PS-EIP: Robust Photometric Stereo Based on Event Interval Profile
Kazuma Kitazawa, Takahito Aoto, Satoshi Ikehata, Tsuyoshi Takatani
TL;DR
PS-EIP advances event-based photometric stereo by constructing an Event Interval Profile that captures temporal relationships between adjacent event intervals. By fitting a theoretically derived EIP to observed profiles and applying shape-based masks to remove non Lambertian distortions, it achieves robust pixelwise normal recovery without deep learning. Quantitative results on 21 3D printed objects show substantial improvements over EventPS-FCN, with an average angular error around 8.12°, demonstrating resilience to shadows and specularities. The approach preserves detail, operates on CPU without GPUs, and offers practical gains for energy-efficient surface reconstruction in challenging lighting and material conditions.
Abstract
Recently, the energy-efficient photometric stereo method using an event camera has been proposed to recover surface normals from events triggered by changes in logarithmic Lambertian reflections under a moving directional light source. However, EventPS treats each event interval independently, making it sensitive to noise, shadows, and non-Lambertian reflections.
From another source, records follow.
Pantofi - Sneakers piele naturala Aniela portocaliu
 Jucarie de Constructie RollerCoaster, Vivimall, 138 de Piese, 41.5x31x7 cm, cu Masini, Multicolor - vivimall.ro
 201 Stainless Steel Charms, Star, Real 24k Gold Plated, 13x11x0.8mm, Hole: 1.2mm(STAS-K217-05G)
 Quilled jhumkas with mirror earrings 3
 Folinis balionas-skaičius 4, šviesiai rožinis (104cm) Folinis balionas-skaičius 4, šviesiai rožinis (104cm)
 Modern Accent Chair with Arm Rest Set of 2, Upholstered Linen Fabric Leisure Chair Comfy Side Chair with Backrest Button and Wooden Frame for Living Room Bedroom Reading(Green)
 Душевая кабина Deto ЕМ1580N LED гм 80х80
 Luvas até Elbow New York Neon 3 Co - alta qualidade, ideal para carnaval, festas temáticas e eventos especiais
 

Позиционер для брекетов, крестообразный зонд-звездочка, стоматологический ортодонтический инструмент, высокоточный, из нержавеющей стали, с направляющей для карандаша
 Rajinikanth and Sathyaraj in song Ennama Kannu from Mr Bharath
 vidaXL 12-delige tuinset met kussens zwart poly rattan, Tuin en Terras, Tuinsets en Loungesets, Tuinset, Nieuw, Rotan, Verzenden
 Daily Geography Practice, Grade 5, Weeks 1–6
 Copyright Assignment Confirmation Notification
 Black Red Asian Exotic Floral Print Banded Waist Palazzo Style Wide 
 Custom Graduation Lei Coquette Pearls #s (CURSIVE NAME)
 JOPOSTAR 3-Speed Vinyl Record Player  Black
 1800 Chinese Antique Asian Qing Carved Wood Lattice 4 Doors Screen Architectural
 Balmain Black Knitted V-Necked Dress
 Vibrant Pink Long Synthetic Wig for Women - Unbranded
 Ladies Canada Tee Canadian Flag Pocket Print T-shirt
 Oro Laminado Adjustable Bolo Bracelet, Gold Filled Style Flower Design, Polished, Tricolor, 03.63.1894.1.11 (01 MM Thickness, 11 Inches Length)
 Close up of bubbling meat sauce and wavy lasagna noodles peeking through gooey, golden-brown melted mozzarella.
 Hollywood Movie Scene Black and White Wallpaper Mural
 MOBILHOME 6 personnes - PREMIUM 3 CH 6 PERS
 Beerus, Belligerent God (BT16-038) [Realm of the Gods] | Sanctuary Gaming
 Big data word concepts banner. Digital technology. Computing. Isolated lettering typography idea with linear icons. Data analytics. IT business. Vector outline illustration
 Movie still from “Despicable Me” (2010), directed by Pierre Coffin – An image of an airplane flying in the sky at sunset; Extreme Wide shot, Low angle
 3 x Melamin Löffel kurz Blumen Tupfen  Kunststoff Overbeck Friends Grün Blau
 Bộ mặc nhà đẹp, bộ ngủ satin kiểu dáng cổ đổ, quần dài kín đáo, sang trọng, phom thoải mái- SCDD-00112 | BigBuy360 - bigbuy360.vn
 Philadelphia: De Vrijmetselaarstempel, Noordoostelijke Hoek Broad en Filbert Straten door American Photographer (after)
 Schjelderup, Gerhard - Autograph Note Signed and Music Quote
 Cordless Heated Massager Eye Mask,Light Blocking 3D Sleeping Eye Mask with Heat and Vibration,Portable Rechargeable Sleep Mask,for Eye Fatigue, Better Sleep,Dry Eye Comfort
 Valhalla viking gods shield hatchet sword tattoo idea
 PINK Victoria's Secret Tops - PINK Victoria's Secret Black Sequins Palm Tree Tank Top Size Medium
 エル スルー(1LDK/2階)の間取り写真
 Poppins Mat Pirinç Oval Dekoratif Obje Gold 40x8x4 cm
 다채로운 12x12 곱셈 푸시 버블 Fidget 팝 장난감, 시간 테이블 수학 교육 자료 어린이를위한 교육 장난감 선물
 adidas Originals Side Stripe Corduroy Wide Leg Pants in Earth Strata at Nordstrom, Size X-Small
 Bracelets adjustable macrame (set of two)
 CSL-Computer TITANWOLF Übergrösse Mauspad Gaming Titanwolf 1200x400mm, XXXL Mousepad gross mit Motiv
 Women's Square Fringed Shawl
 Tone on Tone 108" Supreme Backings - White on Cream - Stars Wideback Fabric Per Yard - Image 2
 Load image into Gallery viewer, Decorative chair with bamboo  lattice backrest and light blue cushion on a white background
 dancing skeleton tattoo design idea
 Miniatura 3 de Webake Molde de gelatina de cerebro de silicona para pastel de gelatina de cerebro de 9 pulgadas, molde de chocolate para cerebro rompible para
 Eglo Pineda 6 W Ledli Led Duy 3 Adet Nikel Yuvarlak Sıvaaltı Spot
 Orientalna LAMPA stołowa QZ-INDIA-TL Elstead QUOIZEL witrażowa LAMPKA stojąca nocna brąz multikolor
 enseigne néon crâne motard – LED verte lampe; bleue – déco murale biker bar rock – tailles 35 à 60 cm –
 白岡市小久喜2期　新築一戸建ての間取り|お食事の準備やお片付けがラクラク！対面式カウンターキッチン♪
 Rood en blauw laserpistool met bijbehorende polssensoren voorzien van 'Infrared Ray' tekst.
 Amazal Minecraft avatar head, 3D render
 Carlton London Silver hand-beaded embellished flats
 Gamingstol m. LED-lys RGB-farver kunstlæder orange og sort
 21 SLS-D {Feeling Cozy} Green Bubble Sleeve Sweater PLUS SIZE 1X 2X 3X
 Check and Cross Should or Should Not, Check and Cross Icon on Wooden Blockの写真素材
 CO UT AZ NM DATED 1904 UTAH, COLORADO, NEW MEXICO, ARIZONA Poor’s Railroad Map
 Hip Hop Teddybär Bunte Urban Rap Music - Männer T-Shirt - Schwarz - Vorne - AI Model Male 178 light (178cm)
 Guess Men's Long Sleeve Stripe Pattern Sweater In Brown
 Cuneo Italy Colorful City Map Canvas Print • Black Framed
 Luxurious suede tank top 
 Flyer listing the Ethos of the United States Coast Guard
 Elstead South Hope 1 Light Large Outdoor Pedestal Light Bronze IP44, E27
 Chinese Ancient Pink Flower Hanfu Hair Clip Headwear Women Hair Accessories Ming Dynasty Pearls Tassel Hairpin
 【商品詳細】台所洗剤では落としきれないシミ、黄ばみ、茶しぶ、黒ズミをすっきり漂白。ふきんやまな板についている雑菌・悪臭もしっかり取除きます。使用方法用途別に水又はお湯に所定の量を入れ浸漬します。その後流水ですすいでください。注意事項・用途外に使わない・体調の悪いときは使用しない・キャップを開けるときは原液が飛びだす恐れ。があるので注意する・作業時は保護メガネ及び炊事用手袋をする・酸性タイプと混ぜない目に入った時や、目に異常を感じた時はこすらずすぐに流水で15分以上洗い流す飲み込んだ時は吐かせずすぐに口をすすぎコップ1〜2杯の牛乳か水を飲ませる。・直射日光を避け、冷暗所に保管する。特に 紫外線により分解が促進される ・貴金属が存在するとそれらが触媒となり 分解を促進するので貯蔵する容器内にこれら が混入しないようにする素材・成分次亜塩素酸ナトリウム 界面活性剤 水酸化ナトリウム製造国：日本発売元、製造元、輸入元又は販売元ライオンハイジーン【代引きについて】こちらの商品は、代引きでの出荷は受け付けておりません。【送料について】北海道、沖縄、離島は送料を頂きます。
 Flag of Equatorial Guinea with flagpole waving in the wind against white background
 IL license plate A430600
This paper proposes Photometric Stereo based on Event Interval Profile (PS-EIP), a robust method that recovers pixelwise surface normals from a time-series profile of event intervals. By exploiting the continuity of the profile and introducing an outlier detection method based on profile shape, our approach enhances robustness against outliers from shadows and specular reflections. Experiments using real event data from 3D-printed objects demonstrate that PS-EIP significantly improves robustness to outliers compared to EventPS's deep-learning variant, EventPS-FCN, without relying on deep learning.